Dataset entries —
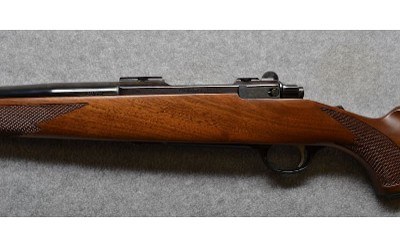 Ruger~M77~.243 WIN - Image 7 of 10
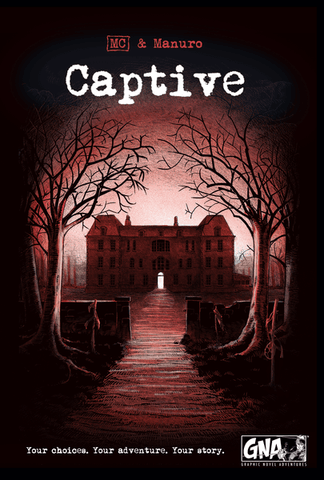 Captive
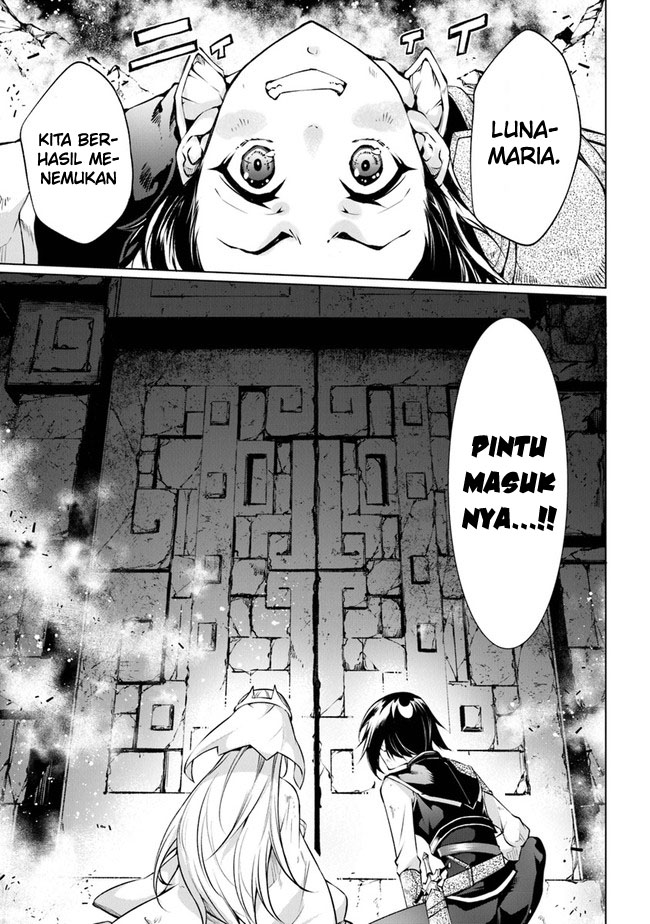 image-komik-kamigami-ni-sodaterare-shimo-no-saikyou-to-naru-chapter-30-21/24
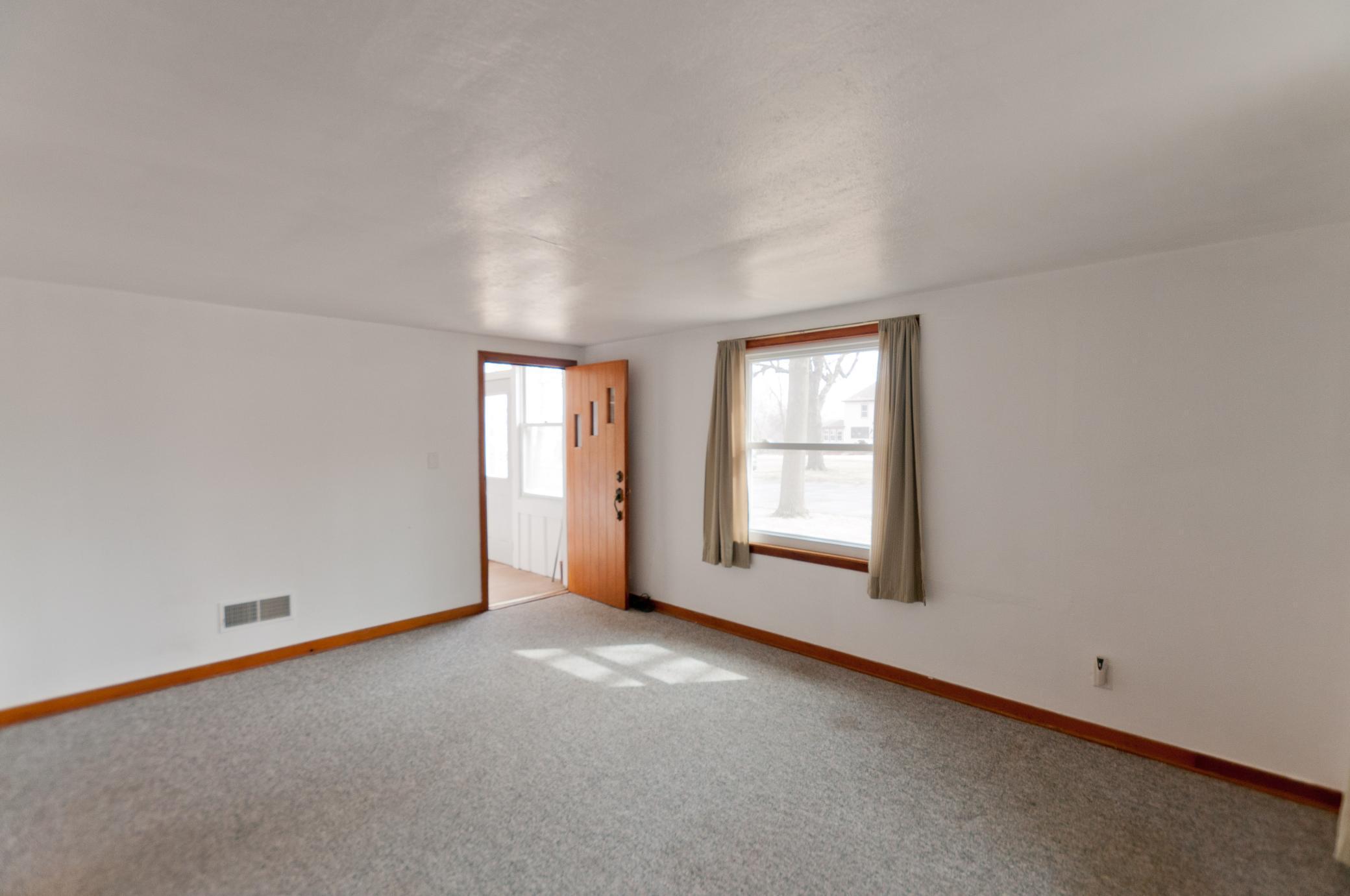 132 Couture Avenue Rice Lake, WI 54868 - Photo 23 of 28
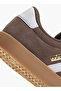 Men VL COURT 3.0 Lace-Up Sneakers - 6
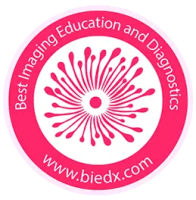 BIEDX Logo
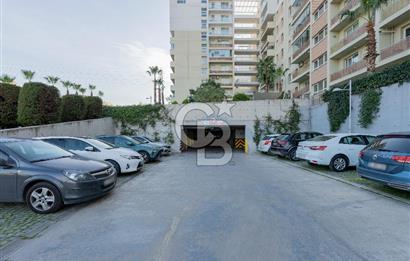 Soyak Siesta Oxygen 1+1 Eşyalı Kiralık Daire Fulya Tok tan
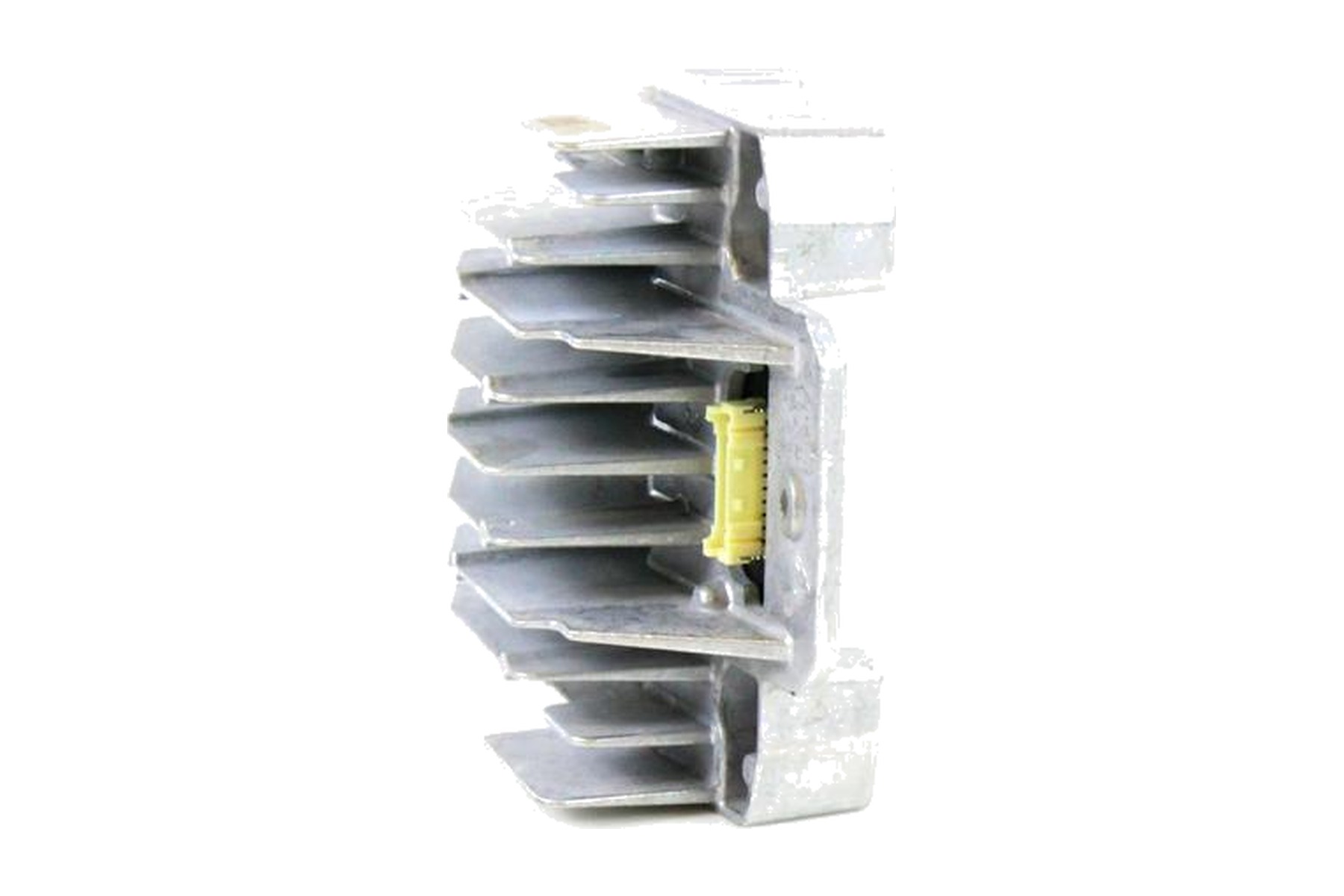 Módulo Reator de Lâmpada Luz Diurna Farol LED VW 5TA998475C - Imagem 6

ACTIVITY —
Every record gets retyped exactly; no picture goes into the copy.

TASK RESULT —
 Ruger~M77~.243 WIN - Image 7 of 10
 Captive
 image-komik-kamigami-ni-sodaterare-shimo-no-saikyou-to-naru-chapter-30-21/24
 132 Couture Avenue Rice Lake, WI 54868 - Photo 23 of 28
 Men VL COURT 3.0 Lace-Up Sneakers - 6
 BIEDX Logo
 Soyak Siesta Oxygen 1+1 Eşyalı Kiralık Daire Fulya Tok tan
 Módulo Reator de Lâmpada Luz Diurna Farol LED VW 5TA998475C - Imagem 6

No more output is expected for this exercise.